● WORK TASK
Pictures aside, write out every record exactly as it appears.

● RECORD EXCERPTS
....................
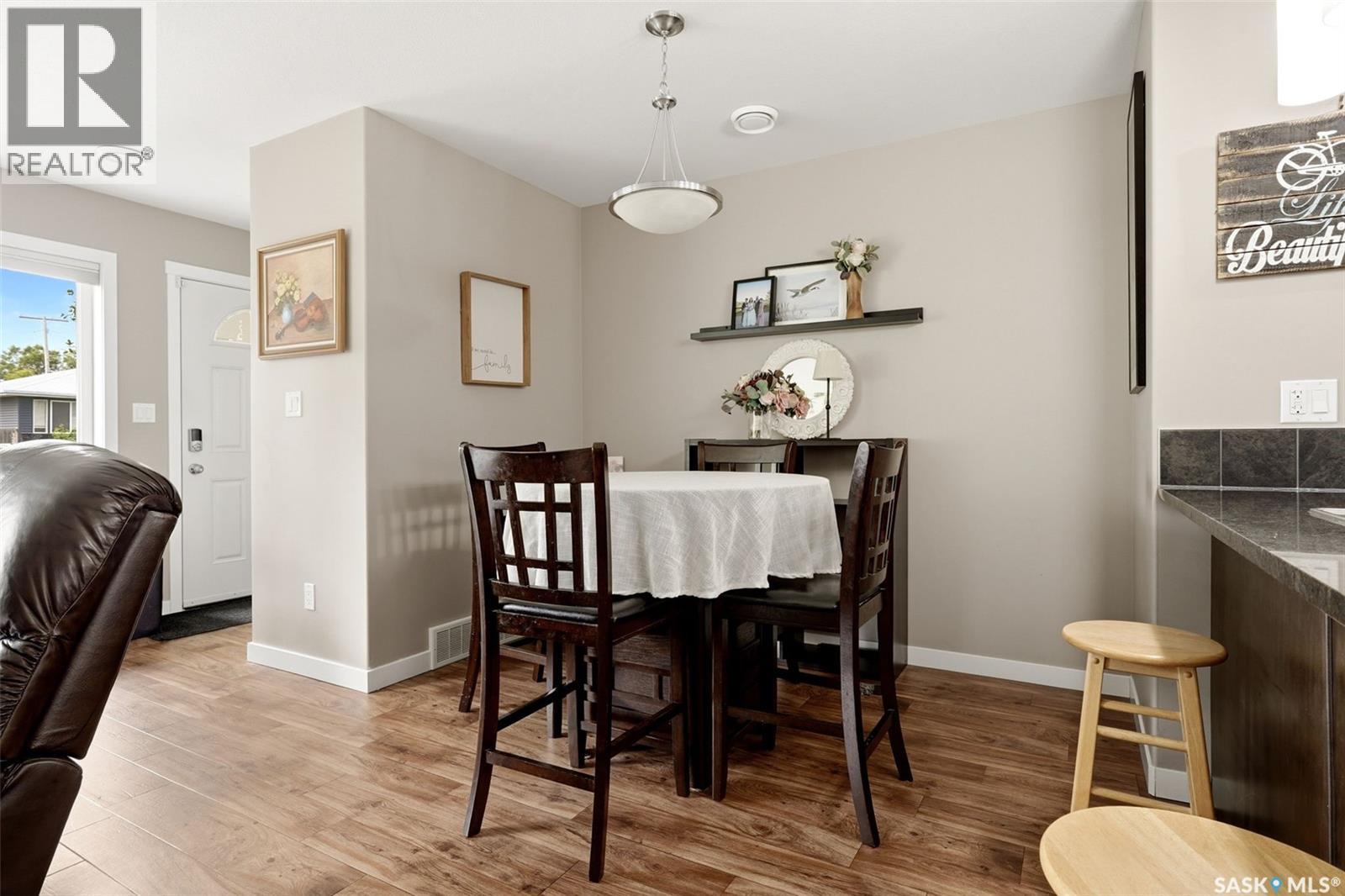 #1209 Grey STREET - 11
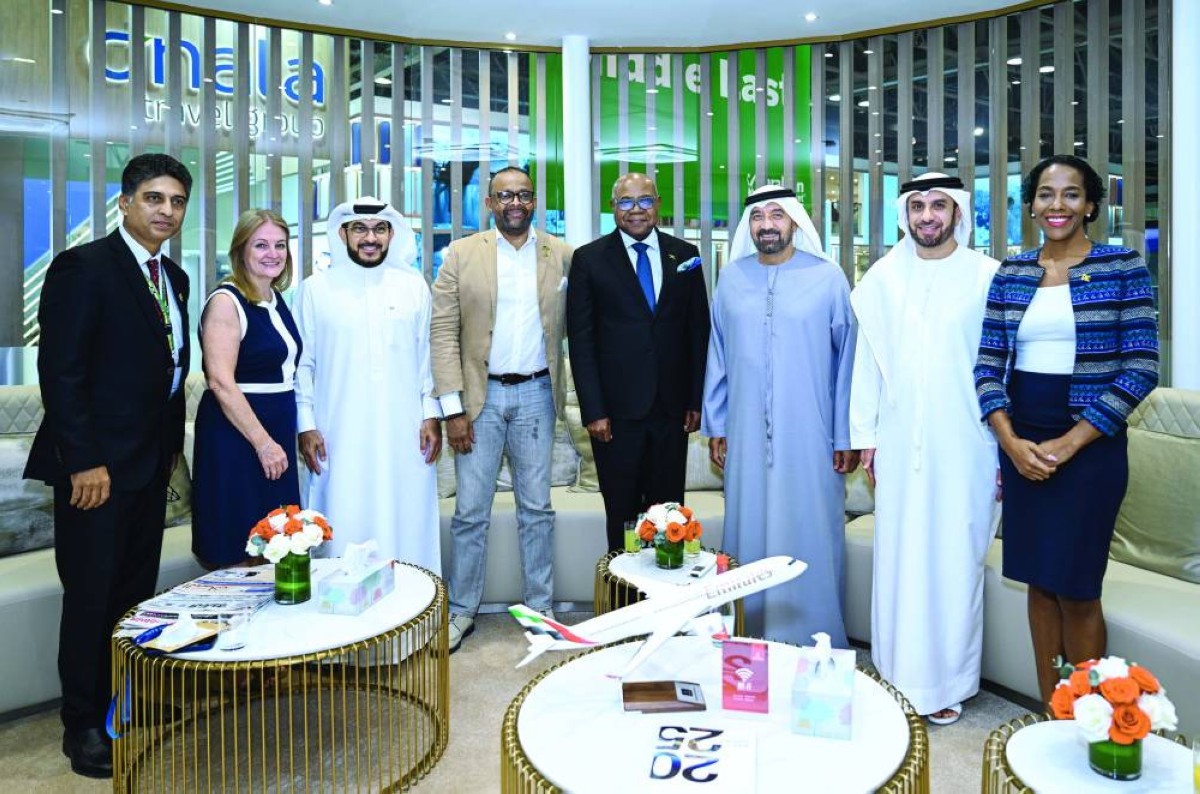 أحمد بن سعيد خلال اللقاء مع وفد جامايكا بحضور ماجد المعلا وعدنان كاظم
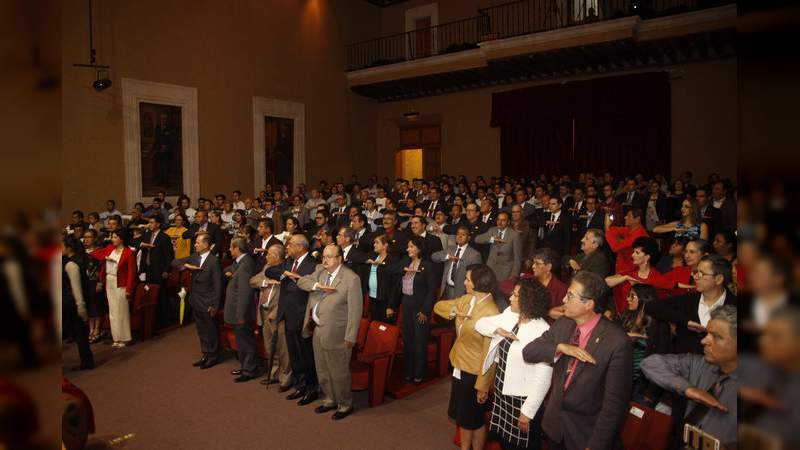 Guía y autoridad moral, los docentes distinguidos por la Casa de Hidalgo - Foto 1 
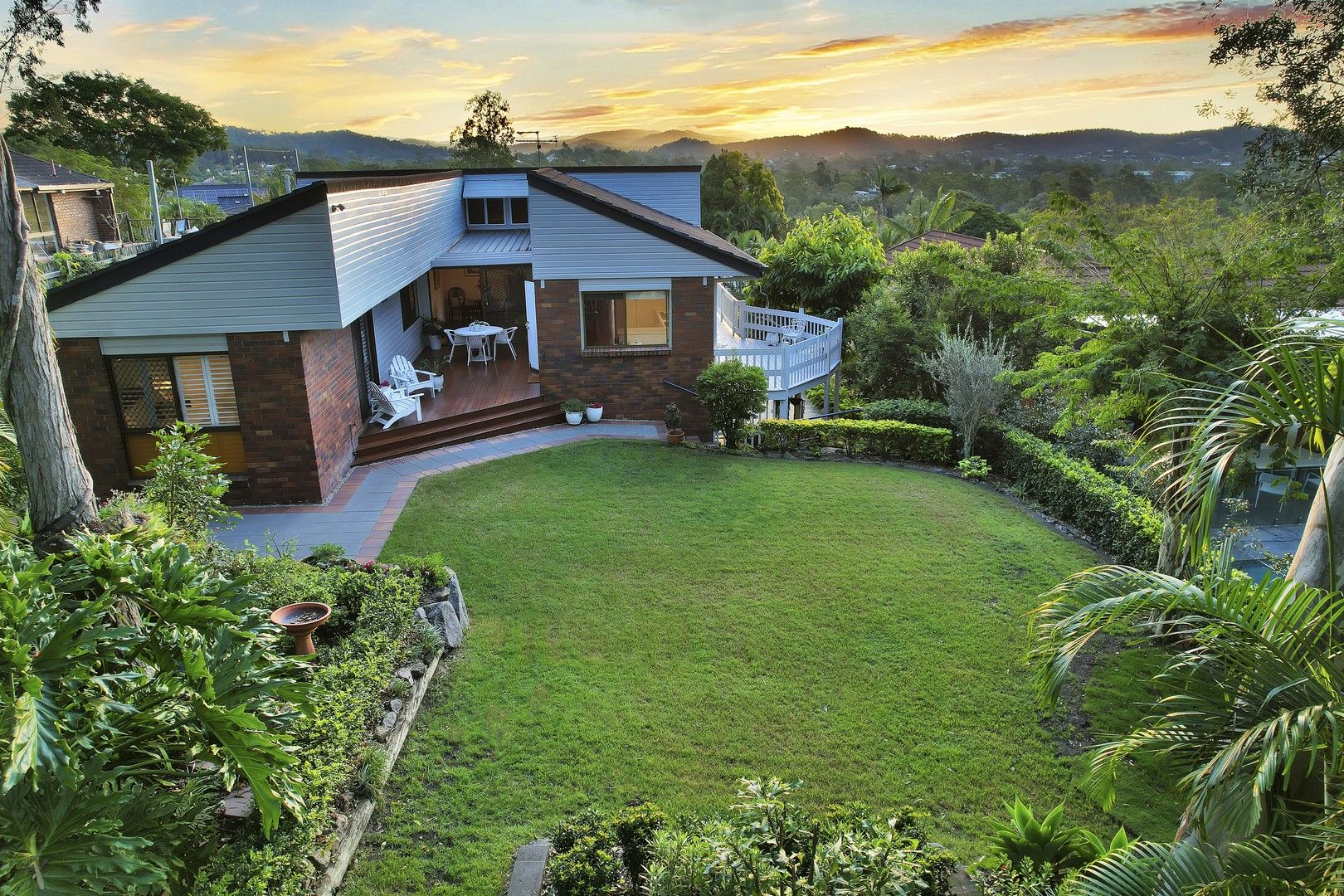 4 bedrooms House in 76 Bernarra Street THE GAP QLD, 4061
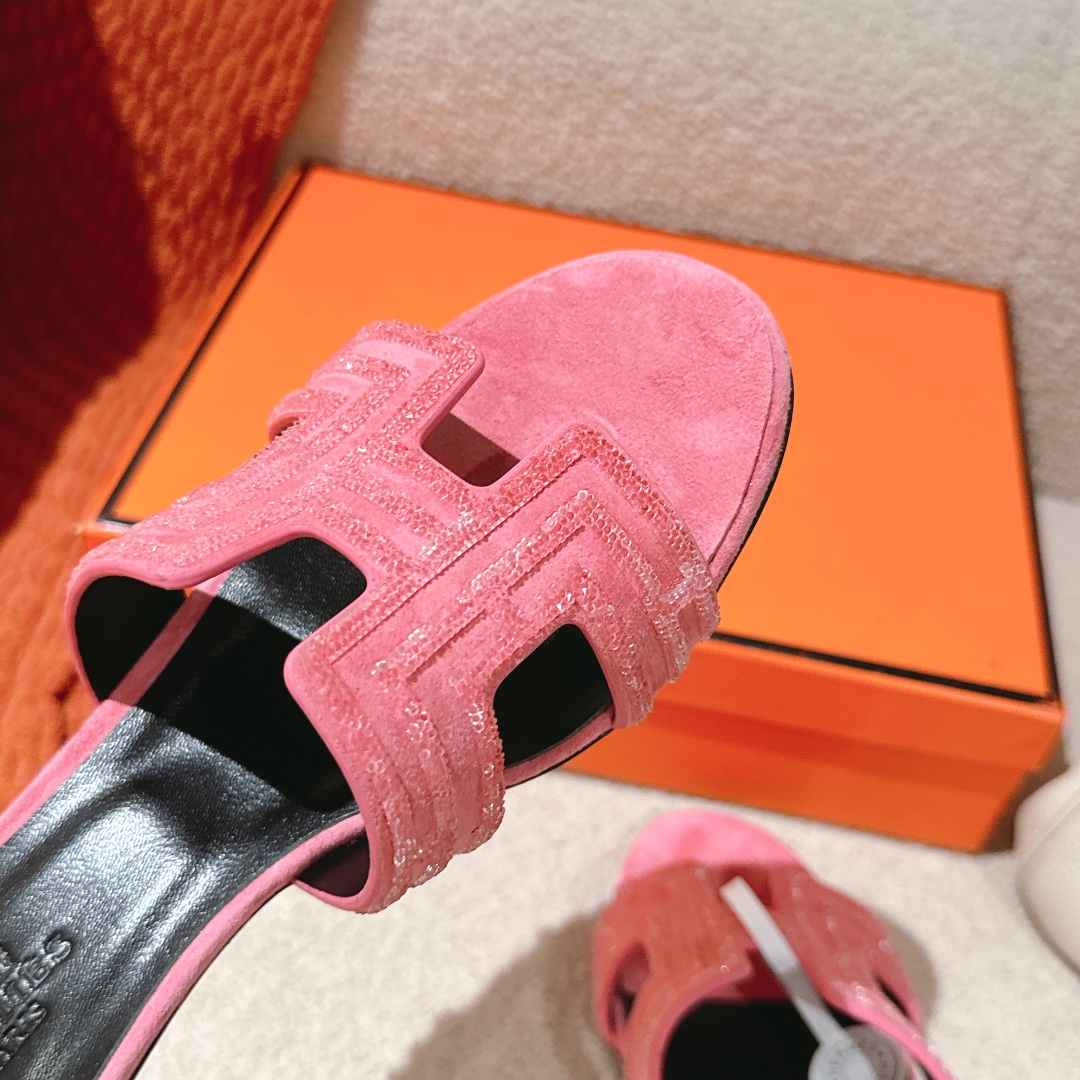 Hermes Oasis Sandal: Stylish & Comfortable Block Heel Sandal with Silk Scarf 9 i1746206893 8868 2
....................
● TASK OUTPUT
 #1209 Grey STREET - 11
 أحمد بن سعيد خلال اللقاء مع وفد جامايكا بحضور ماجد المعلا وعدنان كاظم
 Guía y autoridad moral, los docentes distinguidos por la Casa de Hidalgo - Foto 1 
 4 bedrooms House in 76 Bernarra Street THE GAP QLD, 4061
 Hermes Oasis Sandal: Stylish & Comfortable Block Heel Sandal with Silk Scarf 9 i1746206893 8868 2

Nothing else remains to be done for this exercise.